[[ RECORDS TO PROCESS open ]]

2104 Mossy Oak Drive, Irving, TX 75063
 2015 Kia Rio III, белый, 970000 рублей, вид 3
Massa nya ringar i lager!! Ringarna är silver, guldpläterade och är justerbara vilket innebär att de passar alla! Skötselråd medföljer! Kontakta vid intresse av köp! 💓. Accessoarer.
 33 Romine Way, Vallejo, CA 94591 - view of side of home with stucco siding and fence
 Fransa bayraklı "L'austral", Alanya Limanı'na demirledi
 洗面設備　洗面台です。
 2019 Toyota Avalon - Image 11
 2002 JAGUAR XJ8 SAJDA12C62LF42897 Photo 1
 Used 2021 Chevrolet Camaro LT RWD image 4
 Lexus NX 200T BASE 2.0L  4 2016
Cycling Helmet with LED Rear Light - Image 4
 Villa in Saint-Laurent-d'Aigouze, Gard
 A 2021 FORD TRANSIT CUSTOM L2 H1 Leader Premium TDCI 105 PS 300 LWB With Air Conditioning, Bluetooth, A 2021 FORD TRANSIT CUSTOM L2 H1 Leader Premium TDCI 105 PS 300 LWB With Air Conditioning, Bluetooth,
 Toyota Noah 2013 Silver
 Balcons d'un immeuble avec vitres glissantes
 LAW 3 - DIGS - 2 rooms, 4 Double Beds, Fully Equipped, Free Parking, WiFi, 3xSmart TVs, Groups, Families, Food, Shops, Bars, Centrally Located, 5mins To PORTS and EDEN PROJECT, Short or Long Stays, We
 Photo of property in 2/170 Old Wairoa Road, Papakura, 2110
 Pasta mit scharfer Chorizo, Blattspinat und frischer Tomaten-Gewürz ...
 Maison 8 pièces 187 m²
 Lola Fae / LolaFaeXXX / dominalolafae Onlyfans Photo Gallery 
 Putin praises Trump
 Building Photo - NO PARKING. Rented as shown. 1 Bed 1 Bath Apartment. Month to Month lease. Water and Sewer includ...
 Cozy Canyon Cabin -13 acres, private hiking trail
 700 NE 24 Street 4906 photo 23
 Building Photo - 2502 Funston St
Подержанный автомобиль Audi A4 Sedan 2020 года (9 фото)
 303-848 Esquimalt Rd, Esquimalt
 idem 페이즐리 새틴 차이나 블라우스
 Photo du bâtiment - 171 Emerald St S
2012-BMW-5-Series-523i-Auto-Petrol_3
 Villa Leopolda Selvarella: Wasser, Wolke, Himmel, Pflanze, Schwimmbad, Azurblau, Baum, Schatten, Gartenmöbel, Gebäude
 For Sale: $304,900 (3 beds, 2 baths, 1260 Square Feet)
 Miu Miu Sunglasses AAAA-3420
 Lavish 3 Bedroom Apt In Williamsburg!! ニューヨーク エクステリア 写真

[[ RECORDS TO PROCESS closed ]]

### EXERCISE DESCRIPTION
Starting at the line above that contains "Balcons d'un immeuble avec vitres glissantes", repeat each line exactly up to and including the line that contains "700 NE 24 Street 4906 photo 23", and stop there.

### RESULT FOR THIS TASK
 Balcons d'un immeuble avec vitres glissantes
 LAW 3 - DIGS - 2 rooms, 4 Double Beds, Fully Equipped, Free Parking, WiFi, 3xSmart TVs, Groups, Families, Food, Shops, Bars, Centrally Located, 5mins To PORTS and EDEN PROJECT, Short or Long Stays, We
 Photo of property in 2/170 Old Wairoa Road, Papakura, 2110
 Pasta mit scharfer Chorizo, Blattspinat und frischer Tomaten-Gewürz ...
 Maison 8 pièces 187 m²
 Lola Fae / LolaFaeXXX / dominalolafae Onlyfans Photo Gallery 
 Putin praises Trump
 Building Photo - NO PARKING. Rented as shown. 1 Bed 1 Bath Apartment. Month to Month lease. Water and Sewer includ...
 Cozy Canyon Cabin -13 acres, private hiking trail
 700 NE 24 Street 4906 photo 23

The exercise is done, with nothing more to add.